2. Vanilla ice cream
A good shop bought vanilla ice cream can also be used
3. Meringue – Swiss
4. Rhubarb Consomme
5. Spiced Yorkshire Rhubarb
Ingredients
- 90 g Plain flour - Almond sponge
- 90 g Ground almonds - Almond sponge
- 120 g Icing sugar - Almond sponge
- 80 g Liquid honey - Almond sponge
- 220 g Beurre noisette (nut brown butter) - Almond sponge
- 220 g Lightly beaten egg whites - Almond sponge
- 500 ml Milk - Vanilla ice cream
- 500 ml Double cream - Vanilla ice cream
- 30 g Very fresh lemon thyme - Vanilla ice cream
- 200 g Egg yolk - Vanilla ice cream
- 220 g Caster sugar - Vanilla ice cream
- 1 Vanilla pod - Vanilla ice cream
- 100 g Egg white - Meringue
- 200 g Icing sugar - Meringue
- 50 ml Stock syrup - Rhubarb consomme
- 1 Vanilla pod - Rhubarb consomme
- 2 Star anise - Rhubarb consomme
- 1 kg Blackberries - Rhubarb consomme
- 10 g Butter - Spiced Yorkshire rhubarb
- 120 g Slice rhubarb - Spiced Yorkshire rhubarb
- 15 g Caster sugar - Spiced Yorkshire rhubarb
- 1 Star anise - Spiced Yorkshire rhubarb
- 0.5 Vanilla pod - Spiced Yorkshire rhubarb
Details
- Cuisine: American
- Recipe Type: Dessert
- Difficulty: Hard
- Preparation Time: 40 mins
- Cooking Time: 20 mins
- Serves: 2
Step-by-step
- ALMOND SPONGE: Beat the flour, almonds, sugar, honey and beurre noisette together until they form a smooth paste. Beat in the egg whites once again until the mix becomes smooth
- ALMOND SPONGE: For each financier sheet, spread a thin layer of the paste over the baking paper with a palette knife. Preheat a fan-assisted oven to 180°C and Bake for around six minutes. Cool and store the sheets in an airtight container, leaving them on the baking paper.
- VANILLA ICE CREAM: Bring the milk and cream to the boil in a stainless steel. Add the Vanilla. Take off the heat. Cover the pan with cling film and let the milk-cream cool completely. Strain into a bowl or fresh sauce pan.
- VANILLA ICE CREAM: Whisk the egg yolks and sugar. Combine with the milk and cream. Heat gently, stirring all the time, to make the ice cream base. Cool and churn. Once churned spread the ice cream on top of the almond sponge and freeze.
- MERINGUE: Whisk the egg whites till they start to become fluffy, Add the icing sugar and continue whisking till they rise and stiffen. The meringue should be stiff and firm to touch.

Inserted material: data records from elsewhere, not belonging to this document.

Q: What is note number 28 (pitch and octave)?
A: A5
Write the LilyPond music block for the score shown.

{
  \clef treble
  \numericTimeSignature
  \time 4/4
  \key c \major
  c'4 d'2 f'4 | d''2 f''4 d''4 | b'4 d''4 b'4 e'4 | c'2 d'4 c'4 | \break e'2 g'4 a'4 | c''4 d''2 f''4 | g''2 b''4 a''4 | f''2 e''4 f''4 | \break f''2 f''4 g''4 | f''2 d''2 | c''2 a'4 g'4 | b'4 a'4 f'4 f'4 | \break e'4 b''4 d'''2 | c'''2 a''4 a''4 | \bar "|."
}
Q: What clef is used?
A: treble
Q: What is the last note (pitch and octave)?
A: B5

- ASSEMBLY: Using a size 40mm cutter, cut out an ice cream cylinder on its biscuit base. Fill a piping bag with meringue and snip off the end to give a 5mm hole. Pipe lines of meringue over the top and down the sides of the ice cream. It's very important that there are no gaps.

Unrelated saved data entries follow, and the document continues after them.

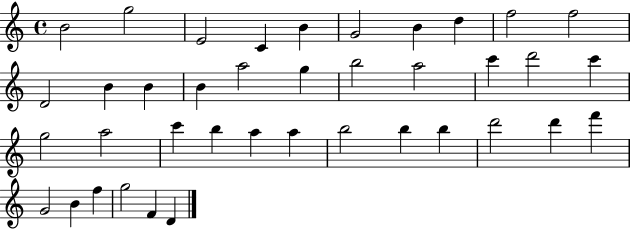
{
  \clef treble
  \time 4/4
  \defaultTimeSignature
  \key c \major
  b'2 g''2 | e'2 c'4 b'4 | g'2 b'4 d''4 | f''2 f''2 | \break d'2 b'4 b'4 | b'4 a''2 g''4 | b''2 a''2 | c'''4 d'''2 c'''4 | \break g''2 a''2 | c'''4 b''4 a''4 a''4 | b''2 b''4 b''4 | d'''2 d'''4 f'''4 | \break g'2 b'4 f''4 | g''2 f'4 d'4 | \bar "|."
} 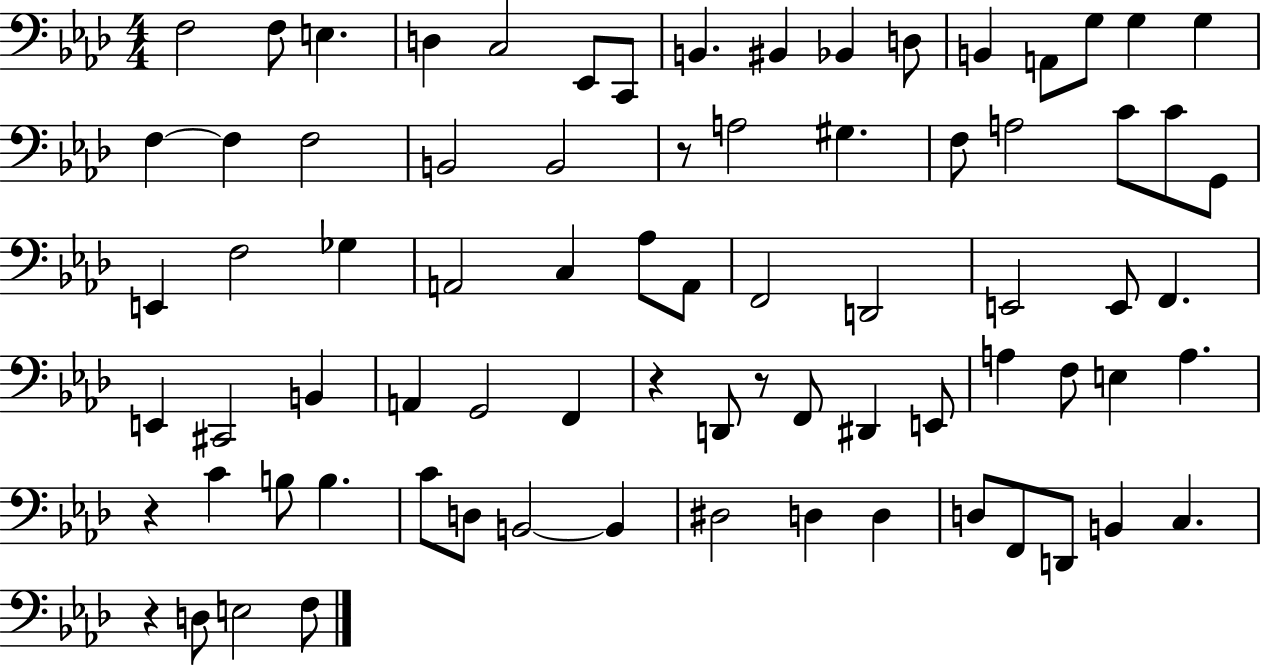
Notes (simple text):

F3/h F3/e E3/q. D3/q C3/h Eb2/e C2/e B2/q. BIS2/q Bb2/q D3/e B2/q A2/e G3/e G3/q G3/q F3/q F3/q F3/h B2/h B2/h R/e A3/h G#3/q. F3/e A3/h C4/e C4/e G2/e E2/q F3/h Gb3/q A2/h C3/q Ab3/e A2/e F2/h D2/h E2/h E2/e F2/q. E2/q C#2/h B2/q A2/q G2/h F2/q R/q D2/e R/e F2/e D#2/q E2/e A3/q F3/e E3/q A3/q. R/q C4/q B3/e B3/q. C4/e D3/e B2/h B2/q D#3/h D3/q D3/q D3/e F2/e D2/e B2/q C3/q. R/q D3/e E3/h F3/e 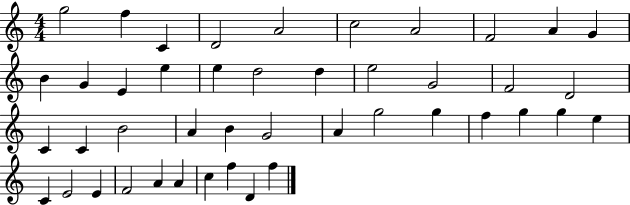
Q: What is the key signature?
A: C major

- ASSEMBLY: To achieve a finish that makes the outside look like a "hedgehog", touch the surface of the meringue with a fingertip and pull outwards. A small point will appear each time. The Alaska is ready to bake, but it's best to return it to the freezer one or two hours before serving.
- RHUBARB CONSOMME: Put the syrup, vanilla and star anise in a pan large enough to take the rhubarb. Put the rhubarb inside. Simmer. Cover the top of the pan with film. Cook until the skins start to split.
- RHUBARB CONSOMME: Take off the heat and leave to infuse 15 minutes. Pass the liquid through a fine sieve and muslin. Press the pulp gently but don't force it or the consommé will cloud. Makes around 400ml.
- SPICED YORKSHIRE RHUBARB: Add butter to a saucepan with sliced rhubarb, caster sugar, 1 star anise and half a vanilla pod. Cook 10 to 15 minutes until the fruit softens and forms a compote.
- BAKING: Preheat a fan assisted oven to 250°C. Stand the Baked Alaska on a cold baking tray. Bake 4 minutes until the surface forms a light brown colour.
- TO FINISH: Place a spoon of the rhubarb in the centre of a soup bowl. Stand the Baked Alaska on top of the fruit base. Pour the rhubarb consommé around the outside. Finish with drops of lemon oil.